So, even if parsing is a mess (and I agree it pretty much always is) the TTU output didn’t have everything needed to figure out how to parse the data correctly. It would be nice if the data that gets to the aggregator is complete enough to be interepreted, leaving aside in what fields people stick that information.
Regards
Rod
Roderic Page Professor of Taxonomy Institute of Biodiversity, Animal Health and Comparative Medicine College of Medical, Veterinary and Life Sciences Graham Kerr Building University of Glasgow Glasgow G12 8QQ, UK
Email: Roderic.Page@glasgow.ac.uk Tel: +44 141 330 4778 Skype: rdmpage Facebook: http://www.facebook.com/rdmpage LinkedIn: http://uk.linkedin.com/in/rdmpage Twitter: http://twitter.com/rdmpage Blog: http://iphylo.blogspot.com ORCID: http://orcid.org/0000-0002-7101-9767 Citations: http://scholar.google.co.uk/citations?hl=en&user=4Z5WABAAAAAJ ResearchGate https://www.researchgate.net/profile/Roderic_Page
On 9 Feb 2015, at 16:12, John Wieczorek tuco@berkeley.edu wrote:
Hi Rod,
I would treat easting and northing as latitude and longitude, but not following strictly the definition in Darwin Core. There is actually value in being able to have the easting (longitude) separate from the northing (latitude) if the source has them separated. It makes it that much less ambiguous to interpret. I would also have that full tuple as in the example you gave (18M 166624 9840350) along with "UTM" in verbatimCoordinateSystem, and a datum or something similar in verbatimSRS. We want more information, not less, when it comes time to try to turn this all into more readily usable information (decimalLatitude, decimalLongitude, geodeticDatum, coordinateUncertaintyInMeters). All of this verbatim separation arose from the heyday of massive collaborative georeferencing in MaNIS, HerpNET, and ORNIS where we were able to take good advantage of whatever information the source had, and that is why verbatimCoordinateSystem is part of the offerings, to help with tha parsing problem if the original source is known.
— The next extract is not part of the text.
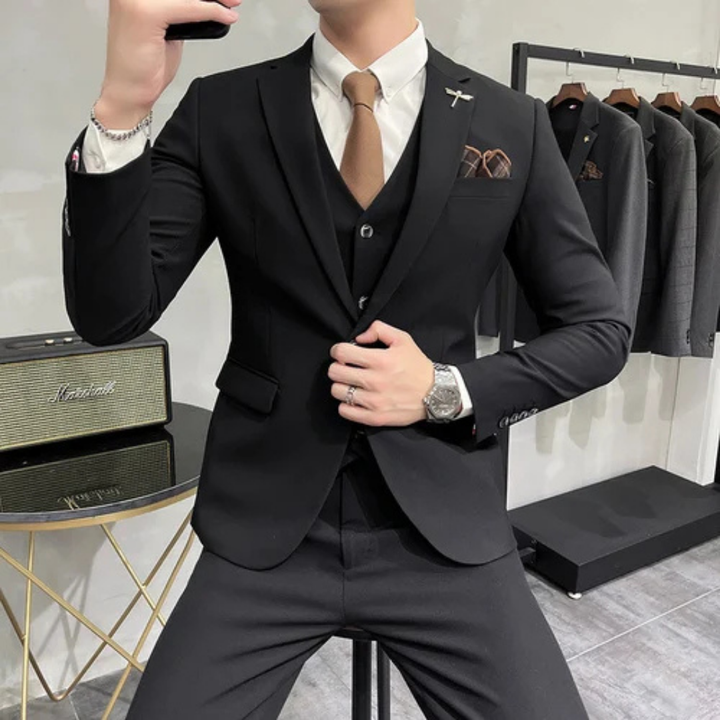 Bastian | Men’s Three Piece Suit in a Smart Tailored Fit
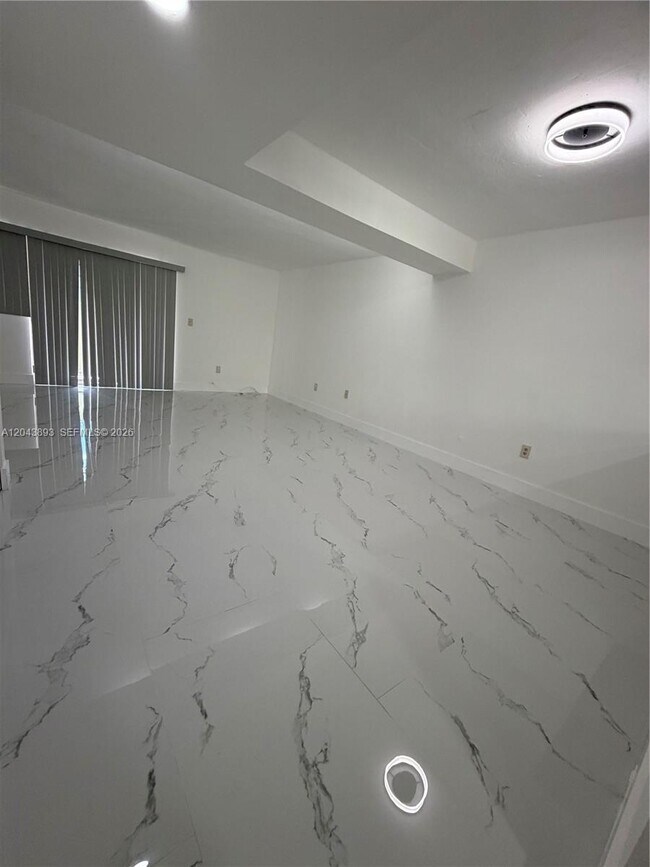 Foto del edificio - 11123 NW 7th St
In short, I wouldn't have it any other way than the way it is done with TTU. It actually allows use to extract more information correctly rather than less. Parsing is a mess, but it is a mess anyway. It takes me about 25 steps to parse the variations I see in verbatim coordinates in VertNet. but it is worth it.
Now, to get back to TTU and upgrade their venerable migrator and see how things look afterwords. We appreciate the careful eye and the quality feedback reports to Github on TTU's behalf.
Cheers,
John
On Mon, Feb 9, 2015 at 8:50 AM, Roderic Page <Roderic.Page@glasgow.ac.uk
wrote:
Hi Dag,
Gack, this is where things get messy. I wouldn’t treat easting and northing as latitude and longitude (although they are obviously related). When I write code to parse verbatim latitude and longitude the last thing I expect is easting and northing (it’s hard enough already given the various ways people write lats and longs). There seems to be enough ambiguity here to really mess things up, as indeed they have for the TTU dataset.
Regards
Rod
Roderic Page Professor of Taxonomy Institute of Biodiversity, Animal Health and Comparative Medicine College of Medical, Veterinary and Life Sciences Graham Kerr Building University of Glasgow Glasgow G12 8QQ, UK
Email: Roderic.Page@glasgow.ac.uk Tel: +44 141 330 4778 Skype: rdmpage Facebook: http://www.facebook.com/rdmpage LinkedIn: http://uk.linkedin.com/in/rdmpage Twitter: http://twitter.com/rdmpage Blog: http://iphylo.blogspot.com ORCID: http://orcid.org/0000-0002-7101-9767 Citations: http://scholar.google.co.uk/citations?hl=en&user=4Z5WABAAAAAJ ResearchGate https://www.researchgate.net/profile/Roderic_Page
On 9 Feb 2015, at 11:41, Dag Endresen dag.endresen@gmail.com wrote:
Hi Rod,
I have assumed that the purpose of the dwc:verbatimCoordinates term is to allow for reporting coordinates originally recorded as one single tuple such as the MGRS (Military Grid Reference System).
While original source coordinates that do have two tuples such as UTM would use dwc:verbatimLongitude (for the Easting or X coordinate tuple) and dwc:verbatimLatitude (for the Northing or Y coordinate tuple).
Regards Dag
On 9 February 2015 at 11:57, Roderic Page Roderic.Page@glasgow.ac.uk wrote:
Hi John,
So, if I understand you correctly, you would have hoped that TTU would have output something like this:
“dwc:verbatimCoordinates” : “18M 166624 9840350”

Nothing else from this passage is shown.